Belly Up

             When the parent company of Beagle Aircraft, Pressed Steel Company, was absorbed into the British Motor Company, it reviewed their involvement in light aircraft manufacturing & requested financial help from the British Government. The Government bought Beagle in 1966 and provided the help needed. When the company needed another infusion of cash, the Government put the company into receivership. The Receiver tried to revive and sell the company but failed, and the company assets were disposed of.



Help on the way!

             The good news is that several of these extremely strong military personnel-type aircrafts were brought to the United States in the early 1970’s. Jim Hill Sr. and his son, Jim Hill Jr. of South Florida Aircraft in Fort Lauderdale, Florida were successful in purchasing the majority of those B.206S’s brought here, and were instrumental in selling them throughout the country. To this day, Jim Jr. is the one individual in the U. S. who has more knowledge of this aircraft and its systems than anyone else alive! Quite a profound statement and yet, it’s true. And it only makes sense, because in the 1970’s, Jim and his dad had many on display to sell and had to “get up to speed” on the maintenance requirements pretty quickly. Today, Jim Jr. is the foremost authority on Beagles and in fact is THE contact for maintenance and systems for those Beagles scattered around the country. He is also co-owner of a completely rebuilt B206S Series 2 for sale. At last count, there were 12 B206S Series 1 aircraft in the U.S. AMD 17 B.206S Series 2 according to the FAA (Search Beagle 206.)
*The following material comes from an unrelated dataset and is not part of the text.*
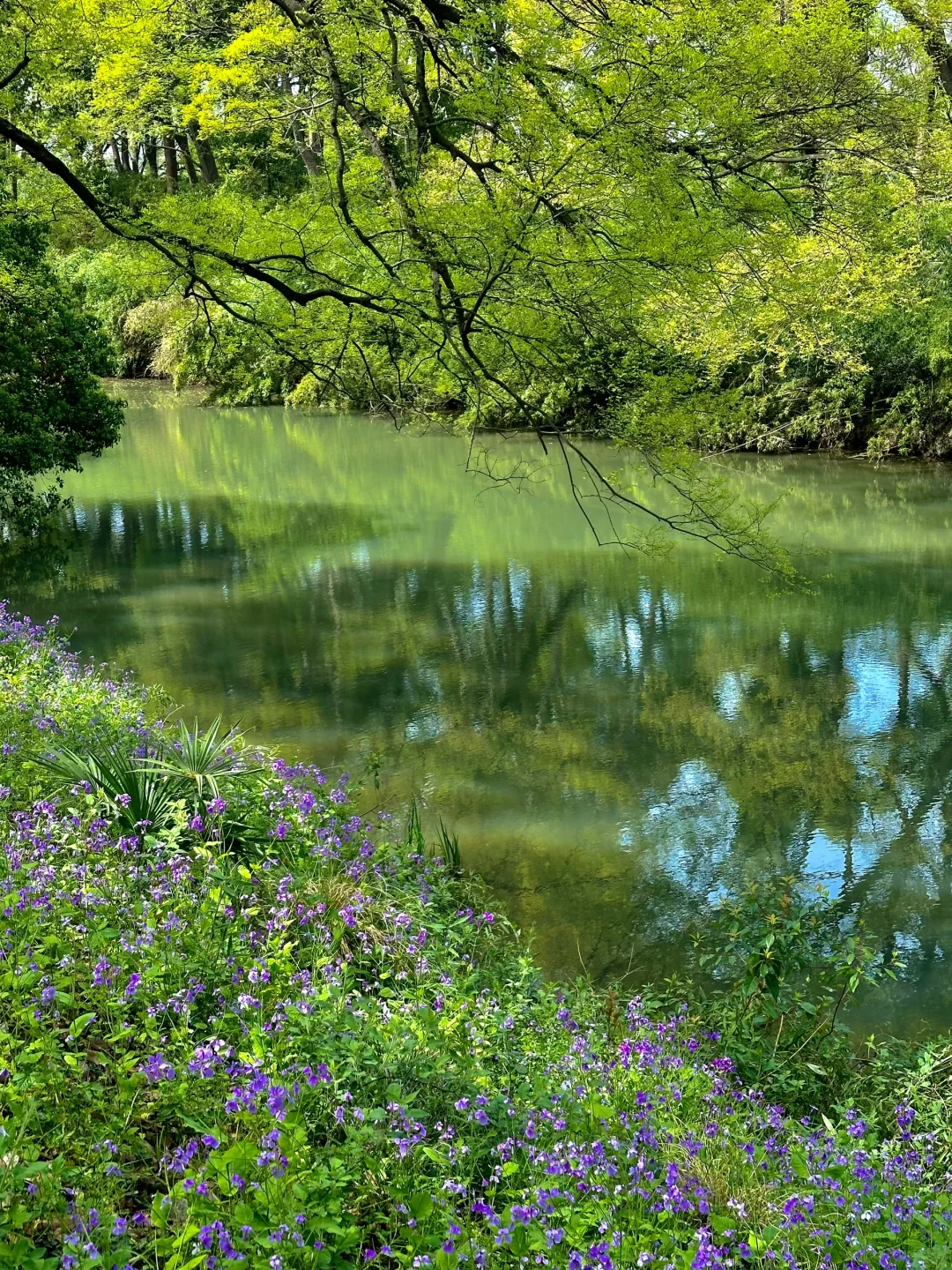 到虎丘才知道苏州的春天多治愈！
             Beagle Aircraft (short for British Executive and General Aviation Ltd.) was a British manufacturer of aircraft, formed in 1962 in Shoreham, England. The cabin class Beagle 206S’s origins lie in a 1960’s project for the Royal Air Force. Although the original 6-seat 260hp prototype was considered too small by its creators, the design grew into 310hp, greater wing span, a larger cabin with increased seating capacity, greater fuel capacity, and increased weights.

             This allowed it to meet the RAF requirement for a communications aircraft capable of transporting a V-Bomber support crew.

             Twenty were ordered for this role. In RAF service, the B.206 was designated the “Bassett,” and deliveries began in 1965.

             Following the original B.206 was the initial civil production version, the series 1 B206. Poor performance was, in part, responsible for slow sales and so, Beagle designed the Series 2 B206S with a more powerful 340hp turbo-charged continental GTS 1052O engine. The B206S also introduced a slightly revised cabin to seat eight, with the entry door repositioned from above the wing to the rear port side fuselage.

             Total production of 79 aircraft included one 206X; one 206Y; two 206Z; 20 206R Bassets for the Royal Air Force; 11 B.206C; 43 206S; and one Series 3 prototype. The 3 Series was flown in prototype form only and that design died when Beagle entered liquidation in 1970.